ABOUT THIS TASK
Could the data below be copied exactly, minus the pictures?

##############################

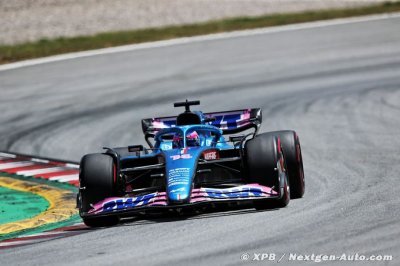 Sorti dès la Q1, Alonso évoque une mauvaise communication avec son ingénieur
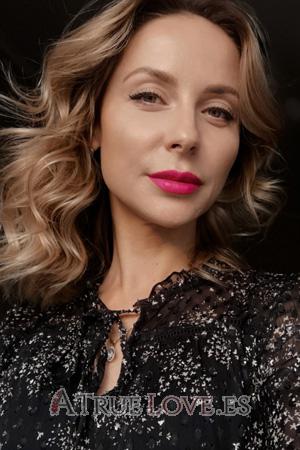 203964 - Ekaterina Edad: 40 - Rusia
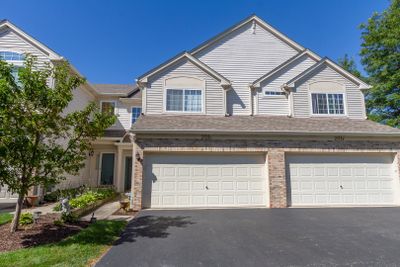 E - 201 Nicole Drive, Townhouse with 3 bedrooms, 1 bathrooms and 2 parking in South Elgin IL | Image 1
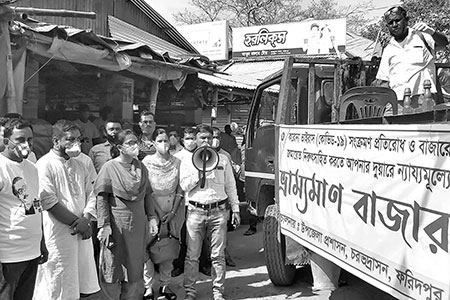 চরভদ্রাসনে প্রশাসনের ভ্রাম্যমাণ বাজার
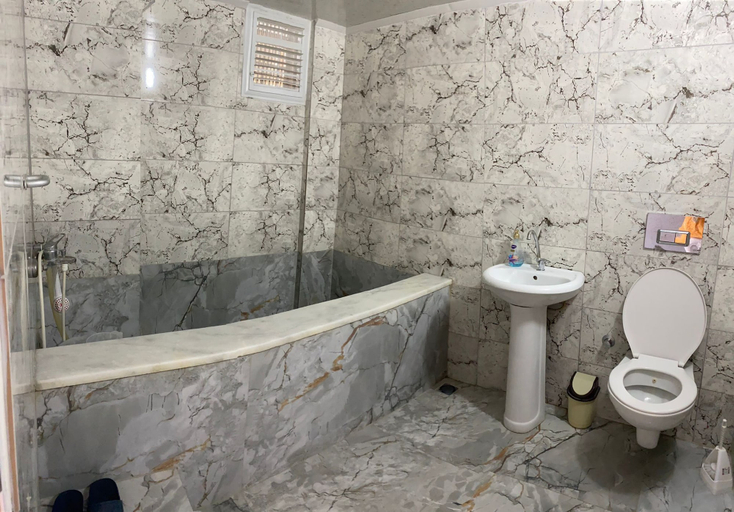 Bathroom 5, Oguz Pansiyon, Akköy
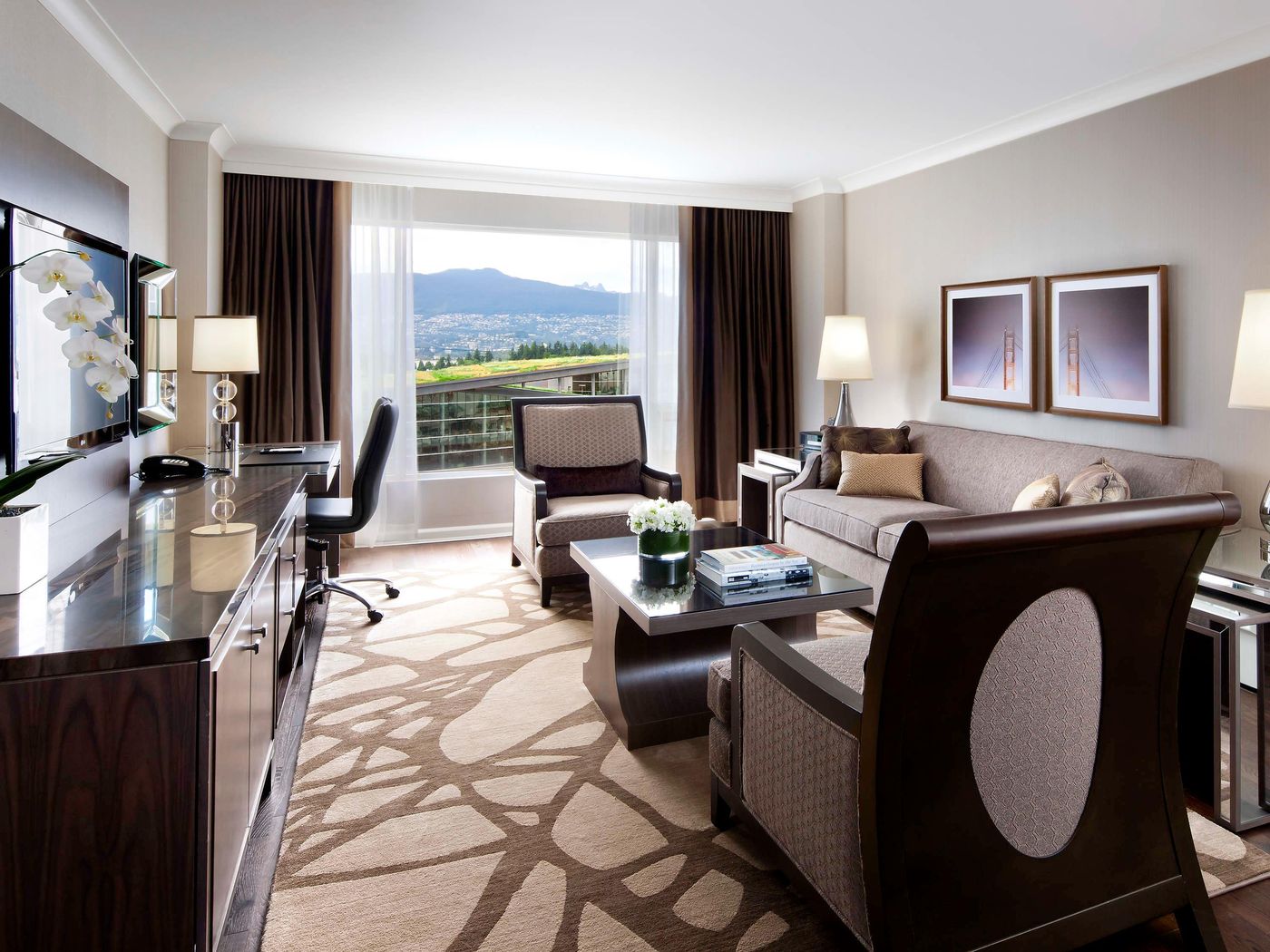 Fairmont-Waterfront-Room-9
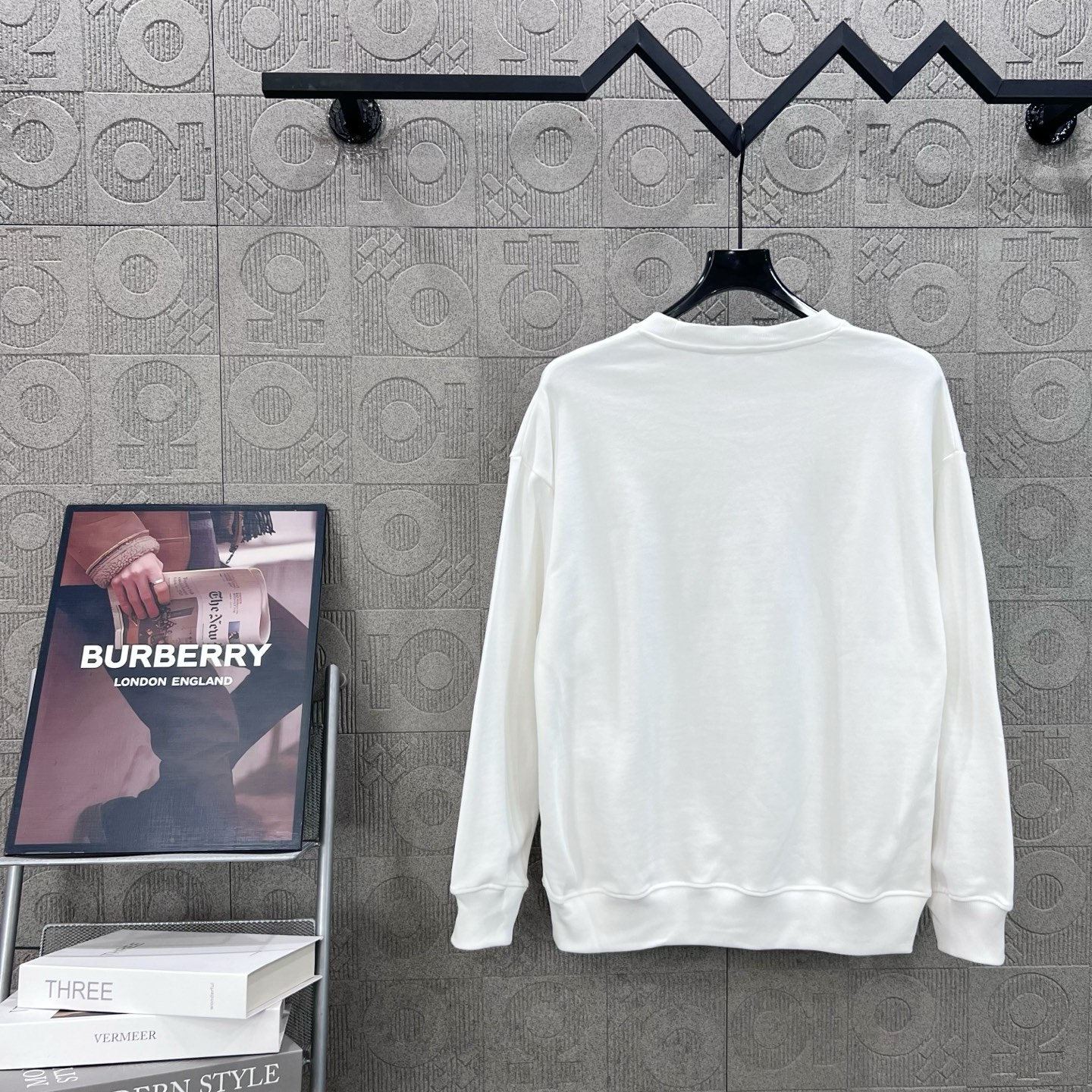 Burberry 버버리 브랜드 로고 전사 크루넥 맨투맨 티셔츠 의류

##############################

RESPONSE
 Sorti dès la Q1, Alonso évoque une mauvaise communication avec son ingénieur
 203964 - Ekaterina Edad: 40 - Rusia
 E - 201 Nicole Drive, Townhouse with 3 bedrooms, 1 bathrooms and 2 parking in South Elgin IL | Image 1
 চরভদ্রাসনে প্রশাসনের ভ্রাম্যমাণ বাজার
 Bathroom 5, Oguz Pansiyon, Akköy
 Fairmont-Waterfront-Room-9
 Burberry 버버리 브랜드 로고 전사 크루넥 맨투맨 티셔츠 의류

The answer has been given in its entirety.